Ebanol [(1S,2’S,3’R)-Ebanol], a Givaudan trademark, is noted for its potency. Symrise proposes its Fleursandol which has a very strong, animalic-laced sandalwood note with floral elements surfacing. […][¶]

Ebanol via Givaudan

Ebanol via Givaudan

Javanol via Givaudan.

Javanol via Givaudan.

JavanolEbanolSandelaSantaliff (IFF santal mysore core), and Santalore are extremely powerful and true to sandalwood synthetics. In fact this might explain the curious effect one experiences when handling them: it was enough to smell a 10% dilution to anesthetize my nose for several hours later, a state I was taken out of by squeezing fresh lemon juice. A perfumer must be cautious and restrained when using them in order not to end up making the wearer of the finished fragrance tired and anosmic to them. Extreme dilution (even lower than 0.5%) is recommended, as alongside Iso-E Super (woody cedar) and methyl ionone (violets) those notes cause rapid nose fatigue.

At least one of those synthetics is present in Sacred Wood, and noticeable in varying degrees from the perfume’s very start to its dying moments on my skin.
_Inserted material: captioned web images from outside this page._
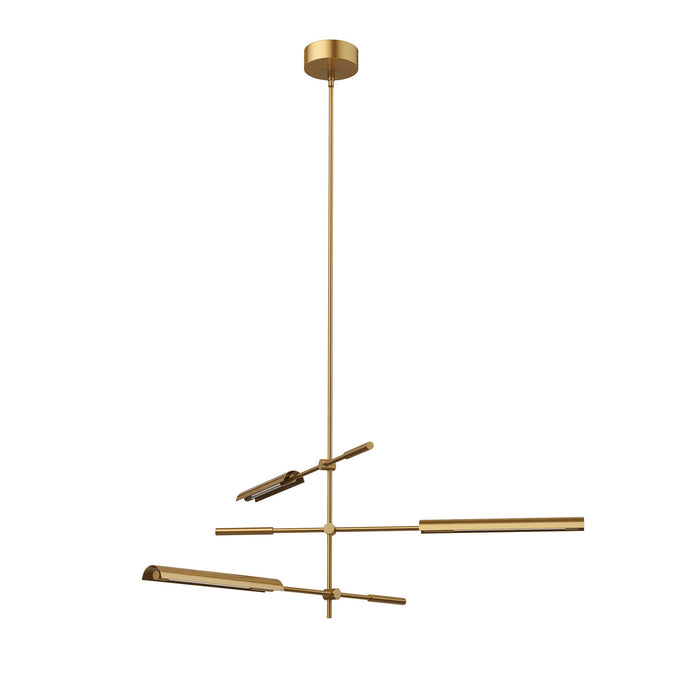 Alora MP316403VBMS LED Pendant, Metal Shade/Vintage Brass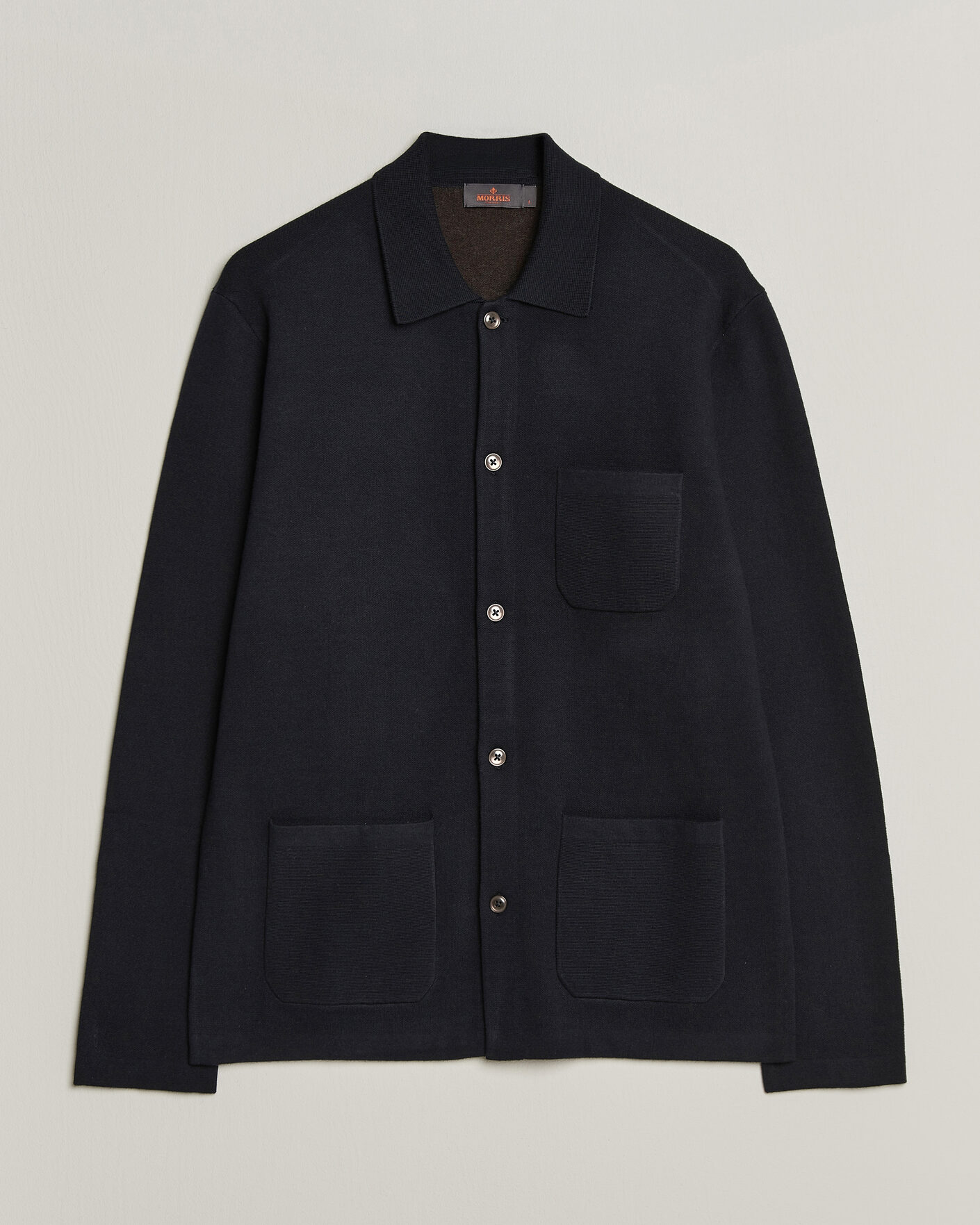 Hombres | Jerséis y prendas de punto | Morris | Dudley Knitted Overshirt Navy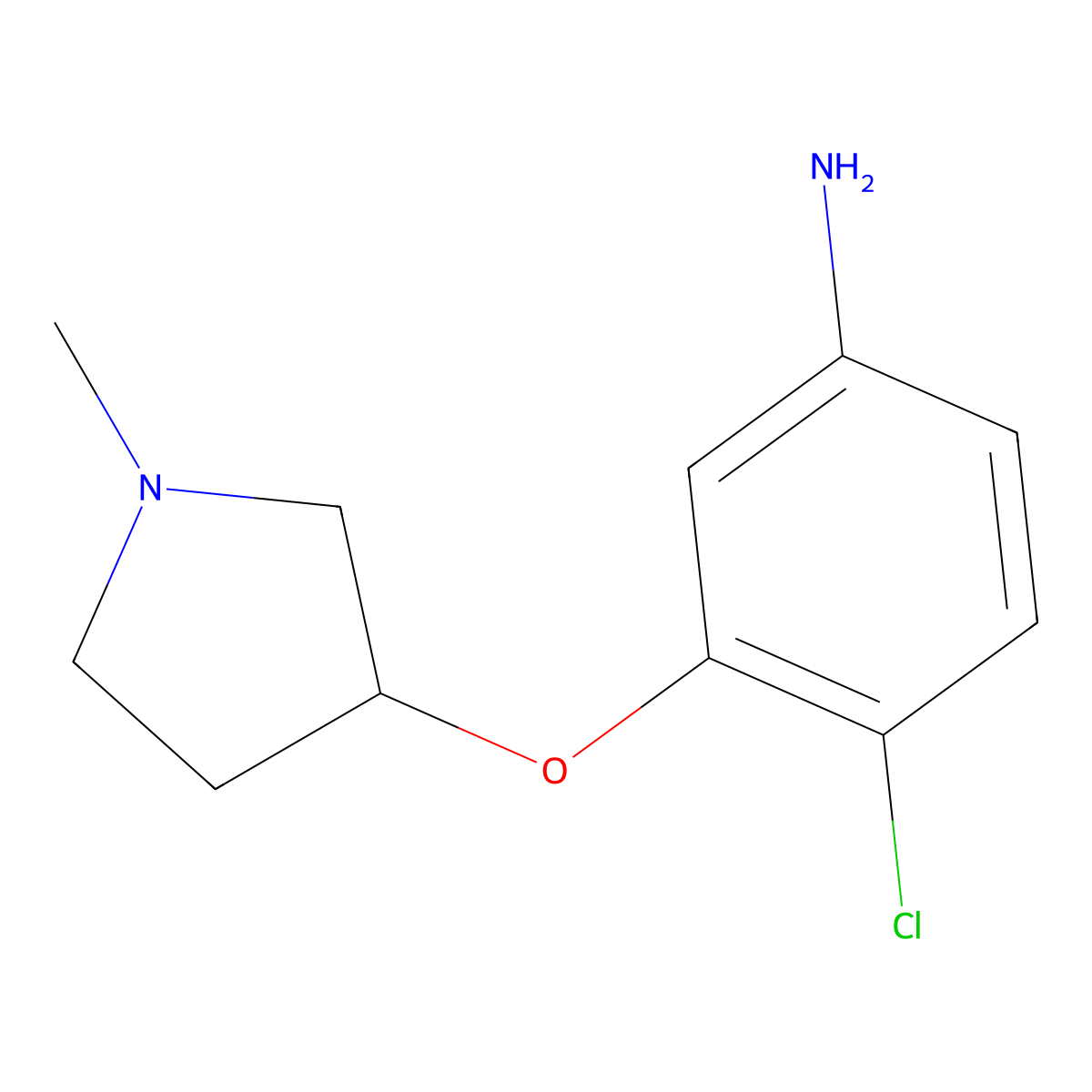 (R)-4-Chloro-3-((1-methylpyrrolidin-3-yl)oxy)aniline molecular structure, CAS 474937-66-1
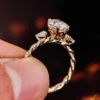 Jewelry design reference showing the ring setting and band. Oval Side-Stone Ring Design in 10K Gold.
And no, it does not authentically recreate the smell of Mysore sandalwood. There is a comment to the Fragrantica article where “Eeyore III” quotes Luca Turin on why chemical synthetics fail to properly reproduce the scent of actual Mysore wood:

The reason synthetics don’t smell (that much) like sandalwood has been explained, chemically, by Luca Turin: “(Z)-(-)-beta-santalol, the molecule present to about 25 per cent in natural sandalwood oil and largely responsible for its gorgeous smell, is, synthetically speaking, a real back-breaker. The best total synthesis to date is an eleven-step affair, and any research chemist who tried to talk his production colleagues into making this would be quickly shouted down.“– L. Turin,The Secret of Scent p.77.
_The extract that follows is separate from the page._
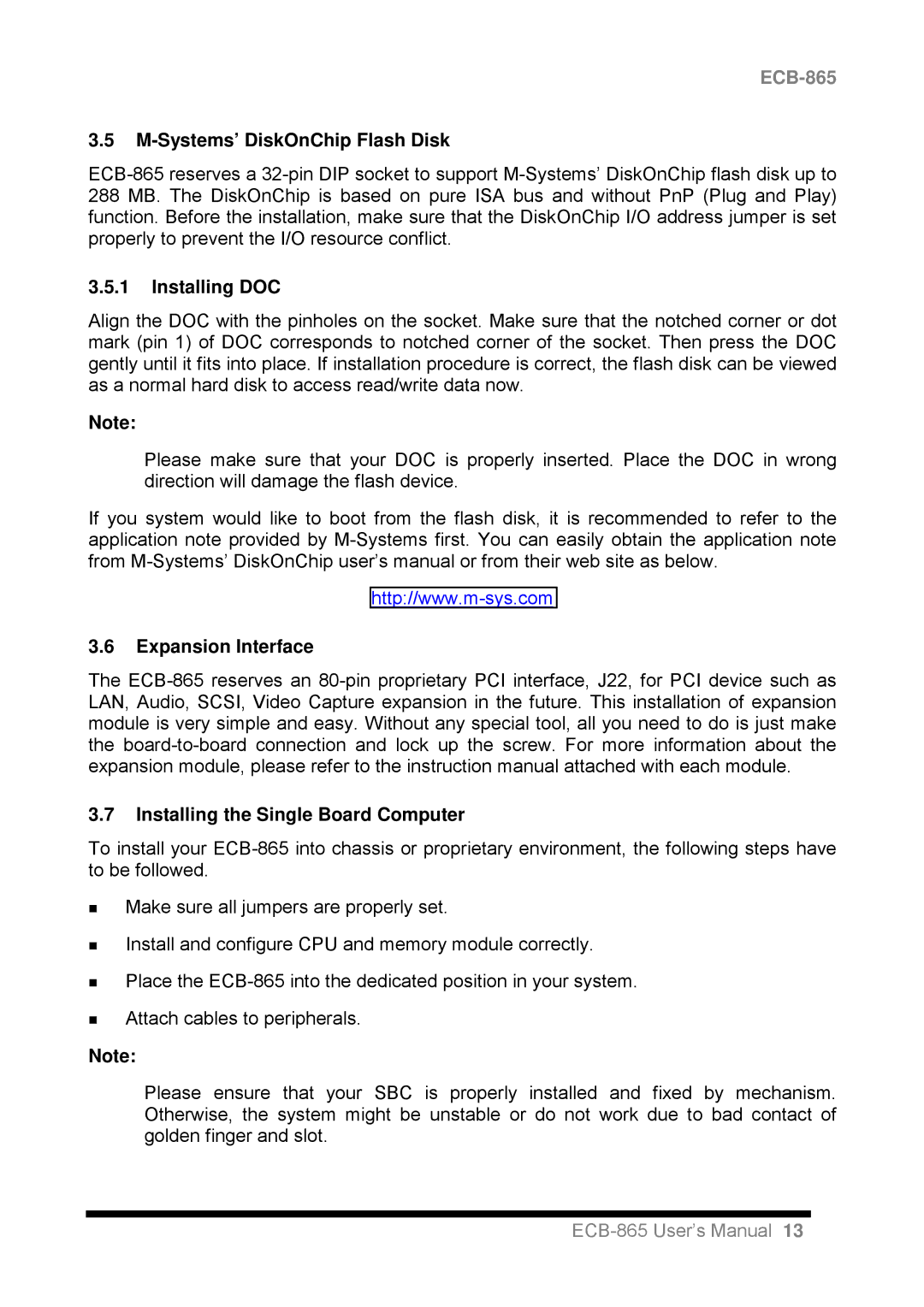Intel ECB-865 Systems’ DiskOnChip Flash Disk, Installing DOC, Expansion Interface Installing the Single Board Computer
What I smell in Sacred Wood is green — all the way through. And greenness is not what I associate with Mysore sandalwood. It is redness. Dark, rich, red spiciness, with slightly smoky creaminess. I grew up in a time when Mysore was in almost every Oriental perfume, while shops sold Mysore beads, Mysore boxes, Mysore sculptures, and everything else in sight. I know what Mysore smells and looks like. And not one iota of that smell is evident in Sacred Wood.
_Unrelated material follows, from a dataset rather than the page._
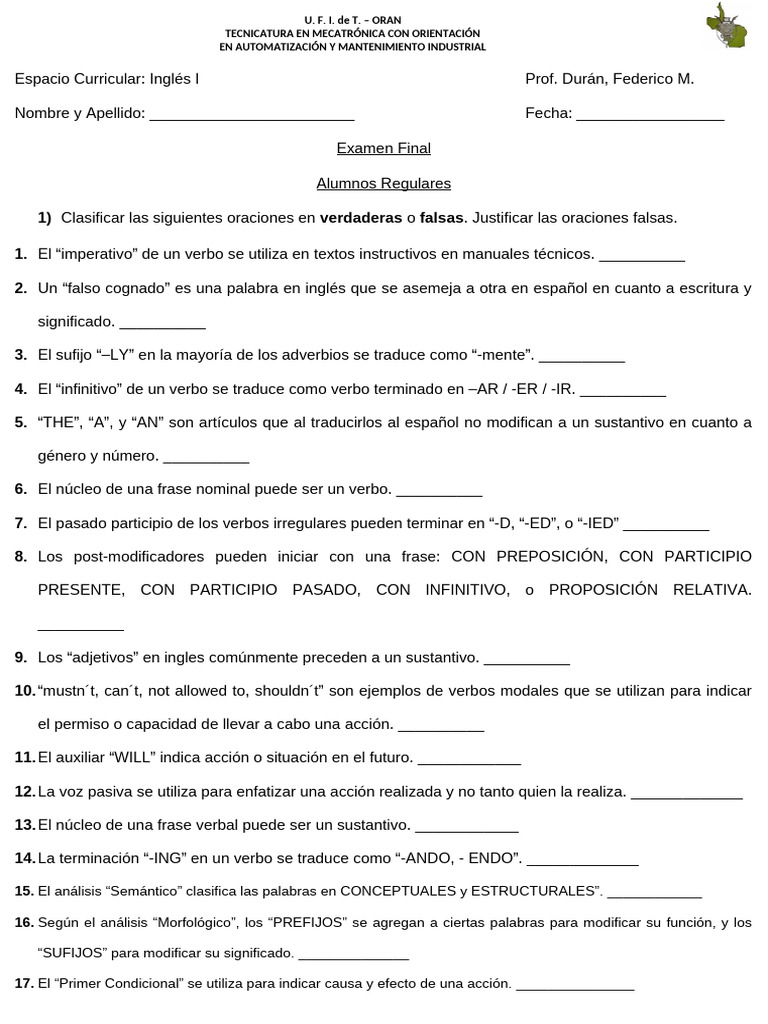 Examen Final de Ingles I 2023 | PDF | Verbo | Adverbio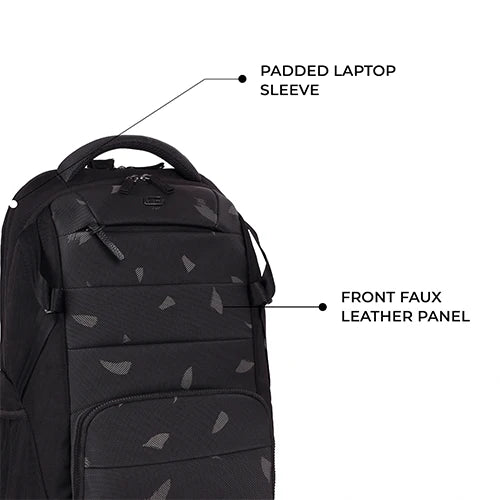 Gear Aspire 3 19"/35L Faux Leather Large Water Resistant Laptop Backpack | Casual Backpack | Daypack | Travel Backpack | College Bag For Men/Women(Black-Grey)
Mysore sandalwood. Source: Fragrantica

Mysore sandalwood. Source: Fragrantica

Before you mention the new Australian plantation with its Indian Mysore trees, let me say that I’ve smelled that, too. I was sent a small bottle of the oil by the company as part of what was meant to be a coordinated multi-blog review or Basenotes article to praise its merits. I could not do so, and wrote bluntly that it did not smell at all like Mysore to me, so my comment was not used.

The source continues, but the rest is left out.